■ **PROBLEM REQUIREMENTS**
Take the lines below between the one holding "Stainless Steel Oval Ring Adjustable" and the one holding "LOVE Tuba Graphic T-Shirt - Black", inclusive, and copy them exactly. Add nothing.

BEGIN DATA SHOWN

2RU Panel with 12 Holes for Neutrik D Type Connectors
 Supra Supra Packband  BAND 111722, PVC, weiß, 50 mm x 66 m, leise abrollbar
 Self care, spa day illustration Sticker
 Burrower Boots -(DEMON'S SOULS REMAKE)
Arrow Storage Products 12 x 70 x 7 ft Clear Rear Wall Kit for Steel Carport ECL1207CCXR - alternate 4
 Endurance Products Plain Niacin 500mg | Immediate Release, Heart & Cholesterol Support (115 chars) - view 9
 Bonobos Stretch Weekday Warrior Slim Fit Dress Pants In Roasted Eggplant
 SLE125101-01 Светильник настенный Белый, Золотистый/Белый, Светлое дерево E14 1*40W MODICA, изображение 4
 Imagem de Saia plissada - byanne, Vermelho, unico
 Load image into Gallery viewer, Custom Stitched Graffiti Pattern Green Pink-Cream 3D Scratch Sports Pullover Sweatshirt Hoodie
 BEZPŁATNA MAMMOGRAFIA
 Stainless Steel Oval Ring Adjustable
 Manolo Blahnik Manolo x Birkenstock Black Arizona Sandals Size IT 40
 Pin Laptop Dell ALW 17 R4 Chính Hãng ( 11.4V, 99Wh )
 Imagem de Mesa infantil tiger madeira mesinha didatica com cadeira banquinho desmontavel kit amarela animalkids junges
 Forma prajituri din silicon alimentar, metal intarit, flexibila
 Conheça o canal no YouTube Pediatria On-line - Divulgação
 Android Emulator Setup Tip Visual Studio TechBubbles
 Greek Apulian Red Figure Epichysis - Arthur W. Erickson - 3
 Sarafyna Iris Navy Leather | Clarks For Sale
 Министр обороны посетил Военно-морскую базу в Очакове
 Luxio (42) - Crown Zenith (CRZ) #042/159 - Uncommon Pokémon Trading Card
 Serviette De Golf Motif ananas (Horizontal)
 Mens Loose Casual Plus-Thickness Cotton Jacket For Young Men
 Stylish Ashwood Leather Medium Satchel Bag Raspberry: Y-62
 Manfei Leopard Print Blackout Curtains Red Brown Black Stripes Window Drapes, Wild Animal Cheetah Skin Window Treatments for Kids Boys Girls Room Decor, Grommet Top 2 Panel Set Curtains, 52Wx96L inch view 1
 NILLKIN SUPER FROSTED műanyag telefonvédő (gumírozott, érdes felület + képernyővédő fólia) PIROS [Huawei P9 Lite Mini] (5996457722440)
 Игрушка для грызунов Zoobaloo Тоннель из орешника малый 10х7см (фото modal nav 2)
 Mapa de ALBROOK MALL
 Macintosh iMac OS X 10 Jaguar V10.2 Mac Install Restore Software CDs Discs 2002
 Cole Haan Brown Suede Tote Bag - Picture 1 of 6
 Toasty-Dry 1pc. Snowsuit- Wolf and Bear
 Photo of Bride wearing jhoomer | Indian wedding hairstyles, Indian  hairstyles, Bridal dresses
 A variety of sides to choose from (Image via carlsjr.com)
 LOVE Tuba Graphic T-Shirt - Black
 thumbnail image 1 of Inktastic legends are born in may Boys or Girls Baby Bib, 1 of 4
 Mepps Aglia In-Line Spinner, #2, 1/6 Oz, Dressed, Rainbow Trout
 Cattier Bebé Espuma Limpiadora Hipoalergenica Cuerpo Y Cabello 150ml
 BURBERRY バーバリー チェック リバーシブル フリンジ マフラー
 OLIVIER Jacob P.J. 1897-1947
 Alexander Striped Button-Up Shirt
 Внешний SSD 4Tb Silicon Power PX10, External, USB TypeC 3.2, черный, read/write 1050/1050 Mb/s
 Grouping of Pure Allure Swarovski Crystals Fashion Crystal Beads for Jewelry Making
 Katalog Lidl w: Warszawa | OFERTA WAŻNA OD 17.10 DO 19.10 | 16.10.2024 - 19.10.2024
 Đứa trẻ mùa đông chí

END DATA SHOWN

■ **ANSWER SECTION**
 Stainless Steel Oval Ring Adjustable
 Manolo Blahnik Manolo x Birkenstock Black Arizona Sandals Size IT 40
 Pin Laptop Dell ALW 17 R4 Chính Hãng ( 11.4V, 99Wh )
 Imagem de Mesa infantil tiger madeira mesinha didatica com cadeira banquinho desmontavel kit amarela animalkids junges
 Forma prajituri din silicon alimentar, metal intarit, flexibila
 Conheça o canal no YouTube Pediatria On-line - Divulgação
 Android Emulator Setup Tip Visual Studio TechBubbles
 Greek Apulian Red Figure Epichysis - Arthur W. Erickson - 3
 Sarafyna Iris Navy Leather | Clarks For Sale
 Министр обороны посетил Военно-морскую базу в Очакове
 Luxio (42) - Crown Zenith (CRZ) #042/159 - Uncommon Pokémon Trading Card
 Serviette De Golf Motif ananas (Horizontal)
 Mens Loose Casual Plus-Thickness Cotton Jacket For Young Men
 Stylish Ashwood Leather Medium Satchel Bag Raspberry: Y-62
 Manfei Leopard Print Blackout Curtains Red Brown Black Stripes Window Drapes, Wild Animal Cheetah Skin Window Treatments for Kids Boys Girls Room Decor, Grommet Top 2 Panel Set Curtains, 52Wx96L inch view 1
 NILLKIN SUPER FROSTED műanyag telefonvédő (gumírozott, érdes felület + képernyővédő fólia) PIROS [Huawei P9 Lite Mini] (5996457722440)
 Игрушка для грызунов Zoobaloo Тоннель из орешника малый 10х7см (фото modal nav 2)
 Mapa de ALBROOK MALL
 Macintosh iMac OS X 10 Jaguar V10.2 Mac Install Restore Software CDs Discs 2002
 Cole Haan Brown Suede Tote Bag - Picture 1 of 6
 Toasty-Dry 1pc. Snowsuit- Wolf and Bear
 Photo of Bride wearing jhoomer | Indian wedding hairstyles, Indian  hairstyles, Bridal dresses
 A variety of sides to choose from (Image via carlsjr.com)
 LOVE Tuba Graphic T-Shirt - Black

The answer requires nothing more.